# WORK TO COMPLETE
Retype exactly what appears below from the line containing "英国Worcester郡这个" down to the line containing "peach on a branch", keeping both end lines. Do not include pictures.

# THE DATA
====

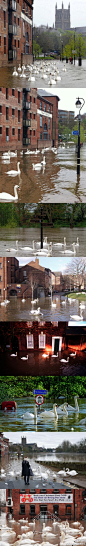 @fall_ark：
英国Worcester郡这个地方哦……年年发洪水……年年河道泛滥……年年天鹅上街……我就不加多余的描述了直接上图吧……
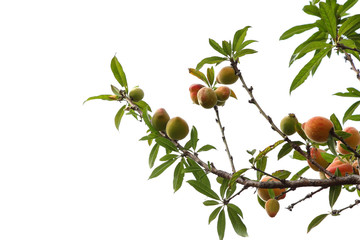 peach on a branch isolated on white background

====

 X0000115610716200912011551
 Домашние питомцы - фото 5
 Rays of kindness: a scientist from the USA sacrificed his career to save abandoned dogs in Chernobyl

====

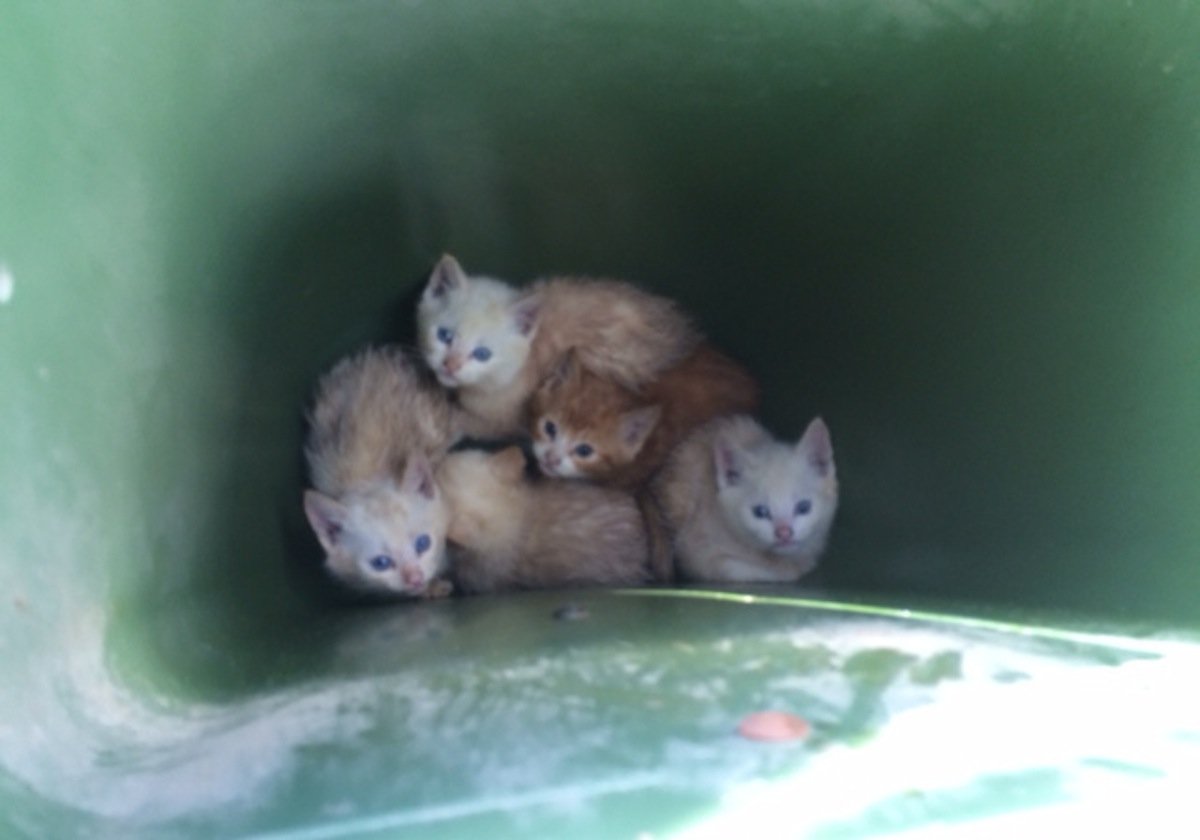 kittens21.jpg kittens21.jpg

====

# EXERCISE OUTPUT
英国Worcester郡这个地方哦……年年发洪水……年年河道泛滥……年年天鹅上街……我就不加多余的描述了直接上图吧……
 peach on a branch isolated on white background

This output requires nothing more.